Grandi i vini di Simone Scaletta, vigneron a Monforte d’Alba
Dire che il mondo dell’enogastronomia sia ormai popolato da furbi e furbetti che danno vita a un teatrino sempre meno edificante, immagino sia scontato. In nome del marketing i lupi si vestono da agnelli e parlano di territorio, di agricoltura e di valori intendendo però affari, business e tornaconto. In nome del marketing, pur di farsi notare, in barba alla (presunta) qualità di un prodotto si inventano etichette e nomi improbabili, se con triviali riferimenti è anche meglio.
Sempre meno contadini e gente vera, sempre più markettari disposti a tutto, pur di vendere?
Parrebbe di sì, o forse, e voglio crederlo, il fumo gettato negli occhi da chi non ha scrupoli e vuole essere ad ogni costo alla ribalta, è così denso da impedirci di vedere gli esempi positivi che ci sono stati, ci sono e, speriamo, ci saranno sempre.
Incontrare Simone Scaletta che da undici vendemmie produce vino a Monforte d’Alba mi ha messo allegria regalandomi la certezza che i poeti della terra esistono ancora, a dispetto di tutti i falsi profeti.
La sua storia sembra uscita da un romanzo e, probabilmente, se fosse un vigneron francese o americano, lo potrebbe diventare.

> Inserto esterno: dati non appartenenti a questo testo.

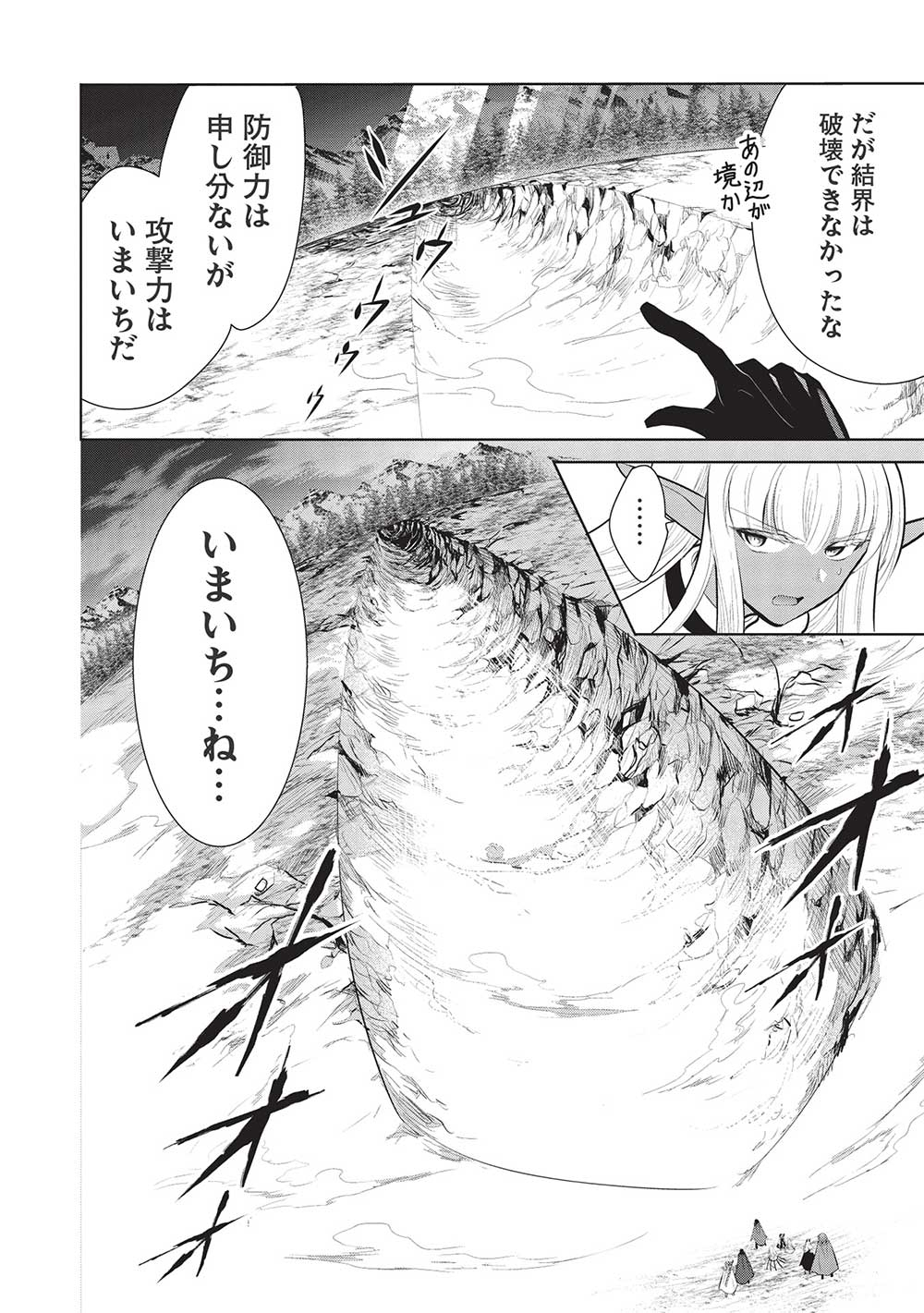 魔王の俺が奴隷エルフを嫁にしたんだが、どう愛でればいい？ 第47話 - Page 18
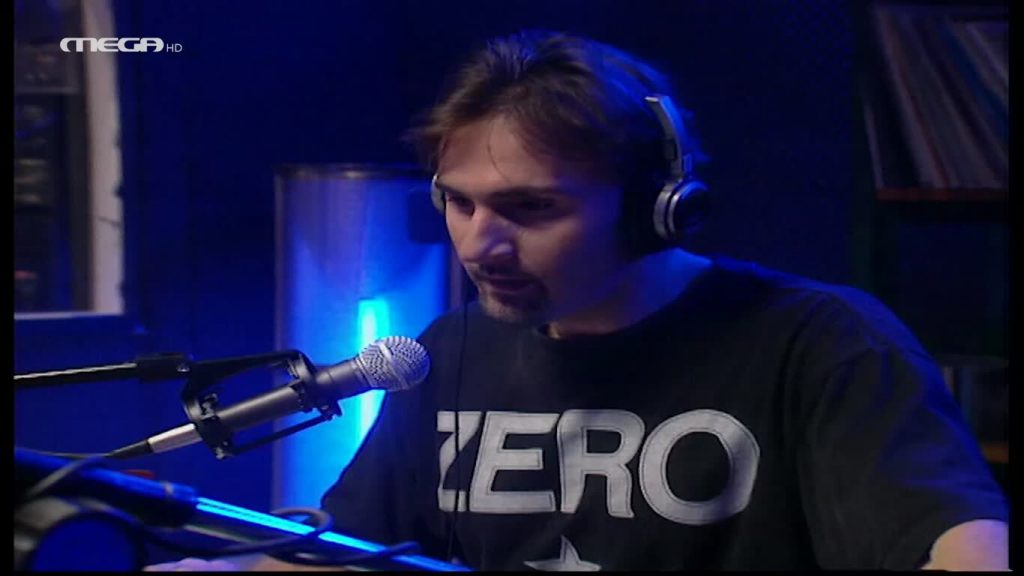 Επεισόδιο: 8 - 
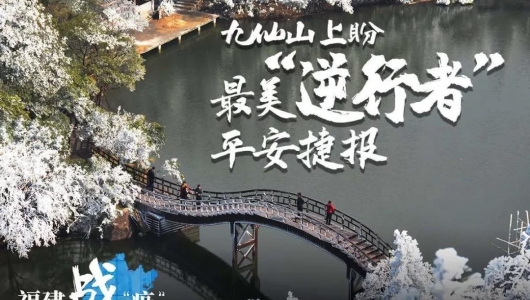 致敬“白衣战士”!九仙山对全国医护工作者实行免费开放优惠政策! - 憨鼠网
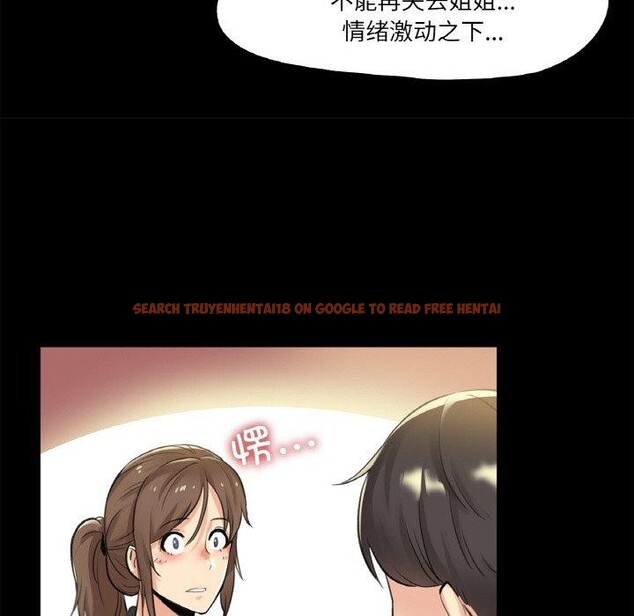 查看漫画爸爸也瘋狂 - 第5話 - sayhentaiz.net中的3256841图片
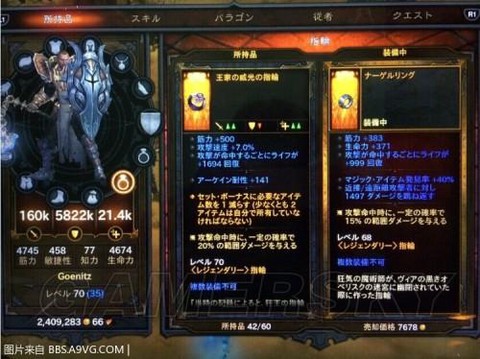 暗黑破坏神3怎么sl[图1]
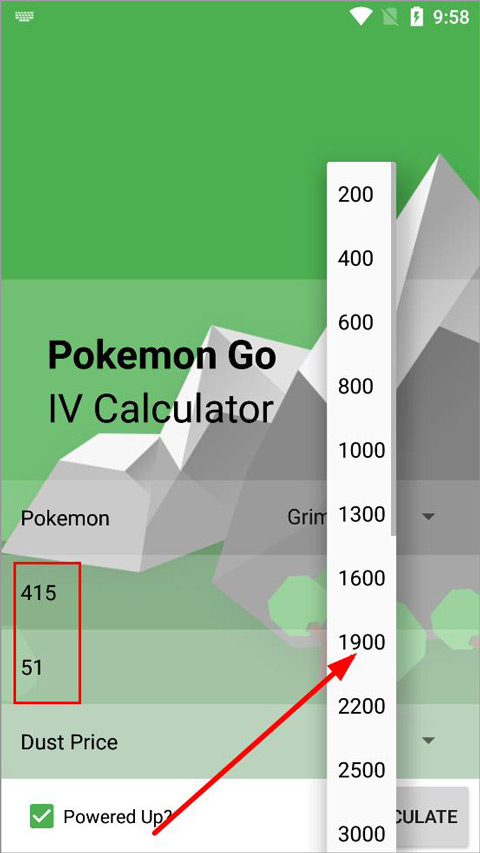 Pokemon个体值计算器app截图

Invece è in Piemonte dove tutto (o quasi) è discrezione e sono in pochi a conoscere le sue vicende.
Torinese, laureato in Scienze Politiche, una carriera in un settore totalmente diverso, una passione che non è riuscito a tenere a bada. Voleva fare il vino. Per questo si è trasferito in Langa e per imparare ha lavorato in diverse cantine con mansioni diverse di volta in volta e, alla fine, con enormi sacrifici, si è comprato delle vigne e del terreno per impiantarne di nuove.
E “enormi sacrifici” non è solo un modo di dire, perché per otto anni ha abitato in un camper. Tanto è stato il tempo che ci è voluto per produrre e vendere abbastanza vino da potersi costruire una casa. Ovviamente prima la cantina e poi la casa. Ora ci sono entrambe e c’è soprattutto il vino, solo ventimila bottiglie suddivise tra Dolcetto d’Alba, Barbera d’Alba, Nebbiolo d’Alba e Barolo, il cui denominatore comune è l’eleganza. Una qualità che, nel complesso e frastagliato panorama dei vini di Langa, lo ha fatto notare e apprezzare.
Eleganza, come si è detto, e anche equilibrio. Vini che affascinano e soprattutto che finiscono senza che ce ne si accorga. Compreso e soprattutto il Barolo Chirlet, il mio preferito, che si lascia bere senza mettere in soggezione, senza che si abbia l’impressione di dover meditare a ogni sorso. Un vino complesso, ma che ha il grande pregio di non essere pretenzioso, solo tanto tanto buono.